The US-backed peace plan for the Middle East was in jeopardy even before Palestinian Authority Prime Minster Mahmoud Abbas resigned on Saturday.

Problems began months ago. Palestinian President Yassir Arafat fought the political and security reform central to the road map, while Israeli Prime Minister Ariel Sharon's government didn't formally accept the plan. Israel instead accepted the "steps" outlined in the road map and then appended 14 reservations.

As the months went by, analysts say, neither side fully complied with the plan, meant to establish a Palestinian state by 2005: Both sides predicated progress on actions the other refused to take.

Israel wanted Palestinians to use force to crush militant groups before it met any of its own obligations. Abbas wanted Israel to ease conditions so that he could win support away from groups such as Hamas and then, perhaps, directly confront militants.

"The level of compliance was minimal from the start. So was the level of American monitoring and determination to oblige the sides to comply," says Joseph Alpher, an independent Israeli strategic analyst. "Given the American sponsorship of the road map, I think that's the more cardinal sin."

Now, with the plan collapsing and the fingerpointing set to start, here is a look at some road-map obligations and how the parties performed.

PHASE 1: PALESTINIANS

Palestinian leadership is to declare Israel's right to exist, and call for cease-fire and end to violence. Official Palestinian institutions are to end incitement against Israel.

At the road map's launch on June 4, Abbas said, "our goal is two states, Israel and Palestine, living side by side." He added, "we repeat our denunciation and renunciation of terrorism against Israelis." He also said, "we will also act vigorously against incitement and violence and hatred." The PA issued directives to the media meant to curb incitement. In mid-August, Israeli Foreign Minister Silvan Shalom acknowledged a decrease in anti-Israel incitement.

Security

The PA security apparatus is to undertake visible efforts to stop violent attacks against Israelis. It is to confront and disarm militant organizations and rid itself of ties to "terror and corruption." Palestinian security services should be consolidated into three services reporting to an Interior Minister. Security cooperation between the PA and the Israeli army should be renewed.

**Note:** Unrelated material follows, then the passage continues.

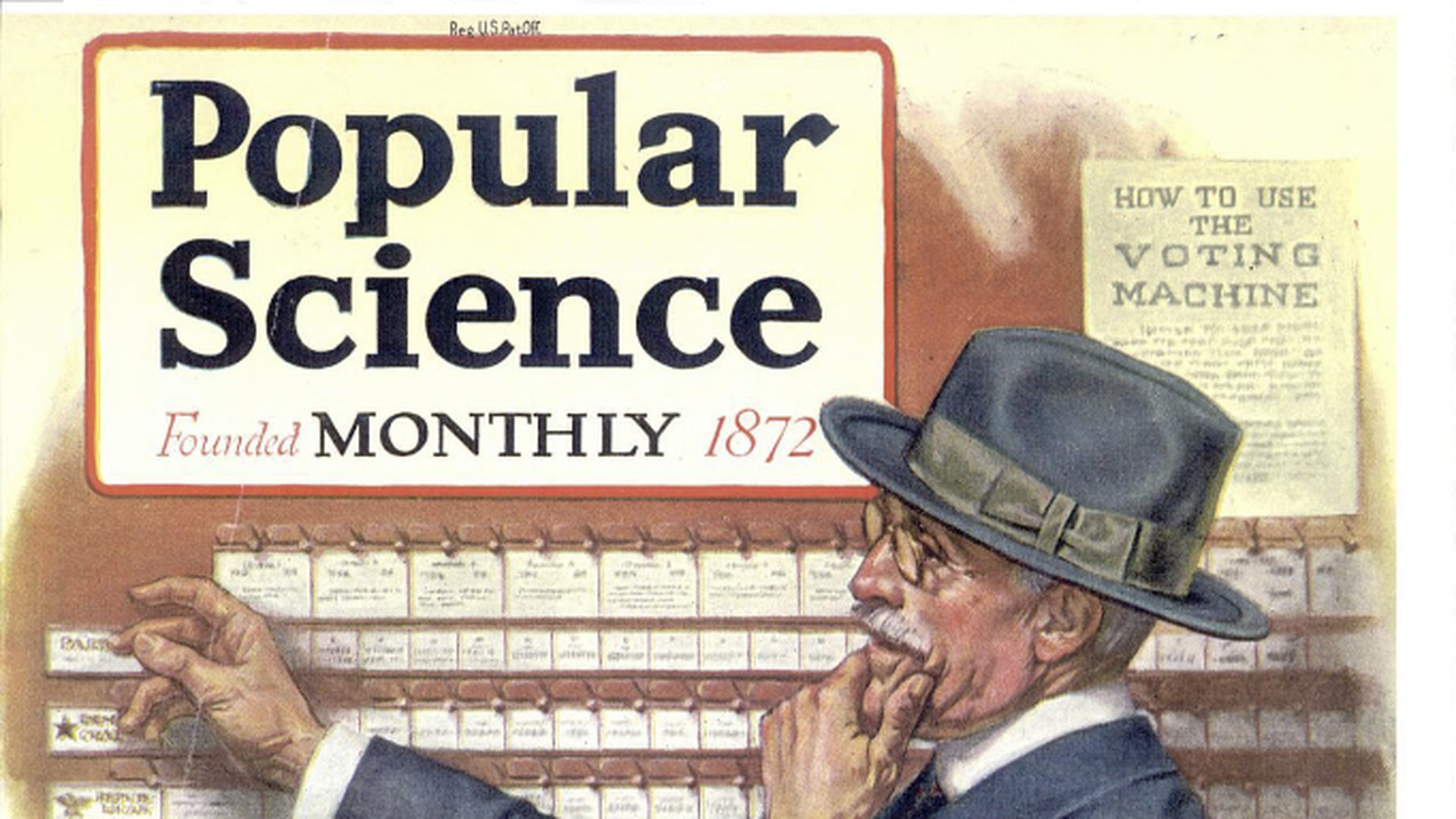 after 151 years, popular science will no longer offer a magazine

Little of this has happened; security has been the road map's biggest problem. Israel has insisted that Palestinian progress on security precede any Israeli action, while Abbas preferred a cease-fire rather than a confrontation. Israelis said a ceasefire gave militant groups time to regain their strength.

The Israeli army has continued killing militants. The cease-fire disintegrated after a Hamas suicide bombing in Jerusalem on Aug. 19 and an Israeli strike against a Hamas leader two days later.

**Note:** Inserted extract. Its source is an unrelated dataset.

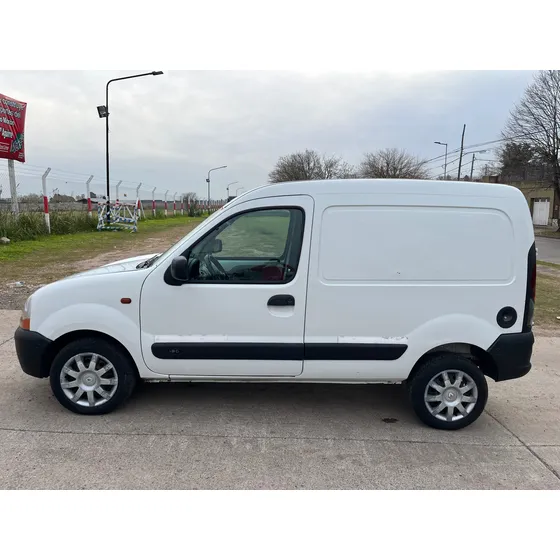 Renault Kangoo 1.9 Confort D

Under pressure, the PA plugged tunnels used for smuggling weapons from Egypt to Gaza and arrested a few militants.

Abbas faced other internal challenges that contributed to his resignation. From the start, he and Mr. Arafat and their proxies struggled for control of the security services.

While Abbas was also named Minister of the Interior, he effectively delegated the job to Mohammed Dahlan. Arafat recently appointed Mr. Dahlan's rival, Jibril Rajoub, to "reform" the security services, thereby undermining Dahlan. There are still about a dozen security forces, most under Arafat's control.

Institution-building

Palestinians are to appoint an interim, empowered prime minister or cabinet. They are to take steps to appoint ministers able to implement reform; achieve separation of powers, including legal measures.

The Palestinian Legislative Council (PLC) confirmed Abbas as prime minister on Apr. 29 after Arafat appointed him to the post and then resisted the arrangement.

Abbas created a new cabinet and outlined a reform program for the Legislative Council, yet he had to struggle with Arafat for authority. Arafat successfully fought many of Abbas's Cabinet nominees and, while most of the Cabinet were loyal to Abbas, prominent members were Arafat loyalists. Prior to Abbas's resignation, many members of the PLC were showing greater allegiance to Arafat, Palestinian analysts say.